═════ TASK DATA

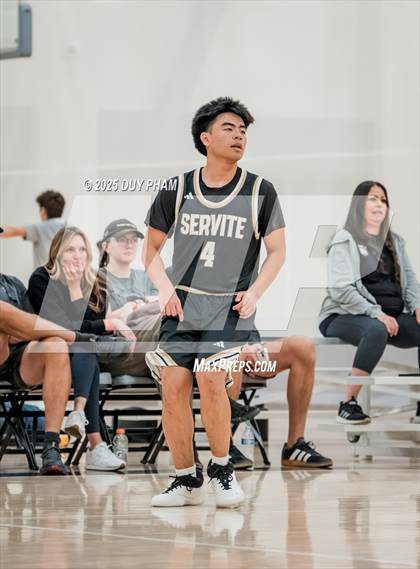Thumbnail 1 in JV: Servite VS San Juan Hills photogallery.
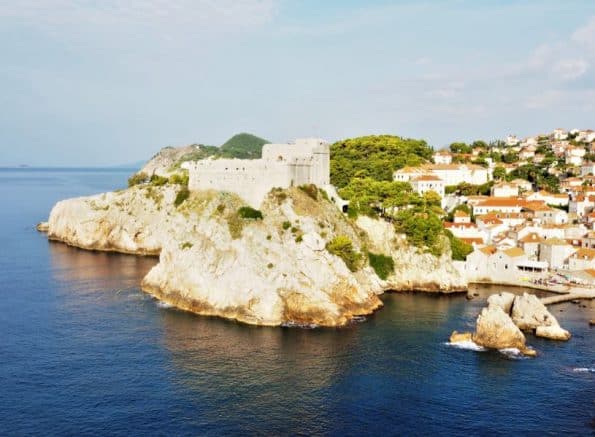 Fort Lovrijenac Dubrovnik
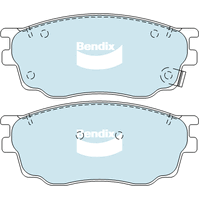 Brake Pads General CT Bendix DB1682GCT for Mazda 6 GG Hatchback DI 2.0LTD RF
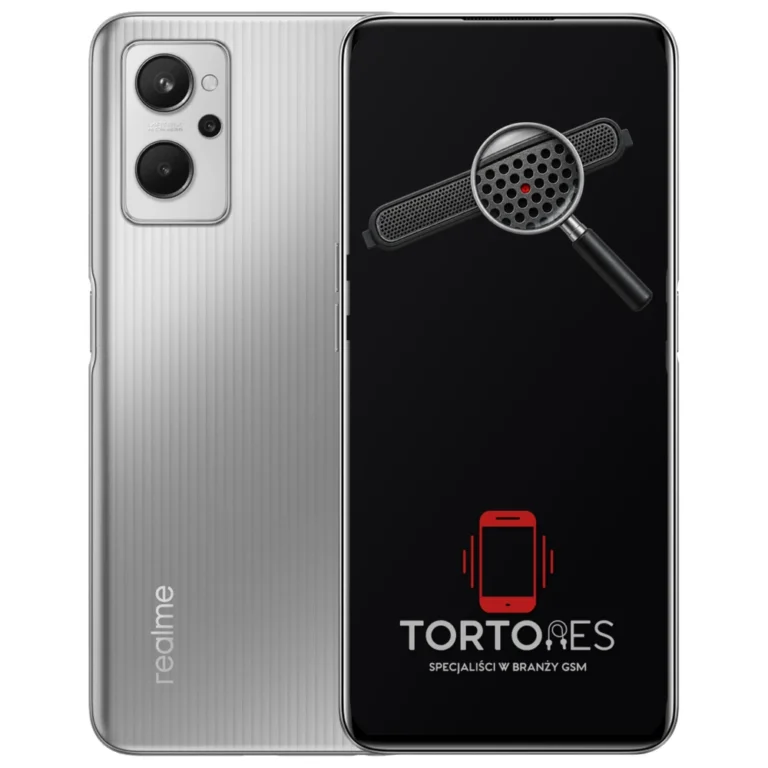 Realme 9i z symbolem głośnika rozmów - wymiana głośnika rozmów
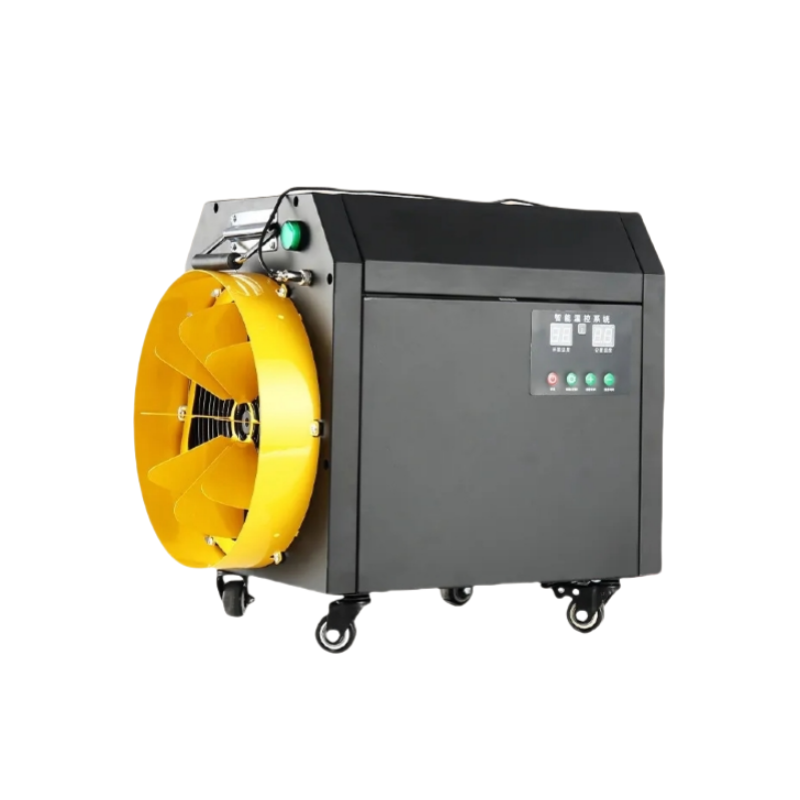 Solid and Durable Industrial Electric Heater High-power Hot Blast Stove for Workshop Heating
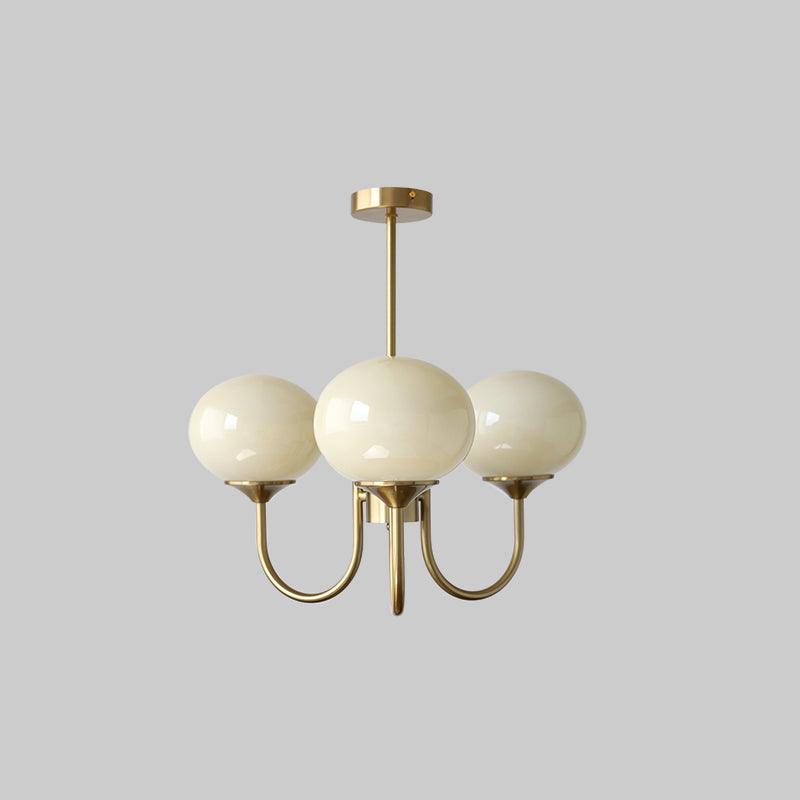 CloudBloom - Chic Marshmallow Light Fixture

══════════

WHAT YOU WILL DO: What is needed is a word-for-word restatement of the lines from the one holding "Fort Lovrijenac Dubrovnik" to the final line of the data above, inclusive, without any pictures.

OUTPUT:
 Fort Lovrijenac Dubrovnik
 Brake Pads General CT Bendix DB1682GCT for Mazda 6 GG Hatchback DI 2.0LTD RF
 Realme 9i z symbolem głośnika rozmów - wymiana głośnika rozmów
 Solid and Durable Industrial Electric Heater High-power Hot Blast Stove for Workshop Heating
 CloudBloom - Chic Marshmallow Light Fixture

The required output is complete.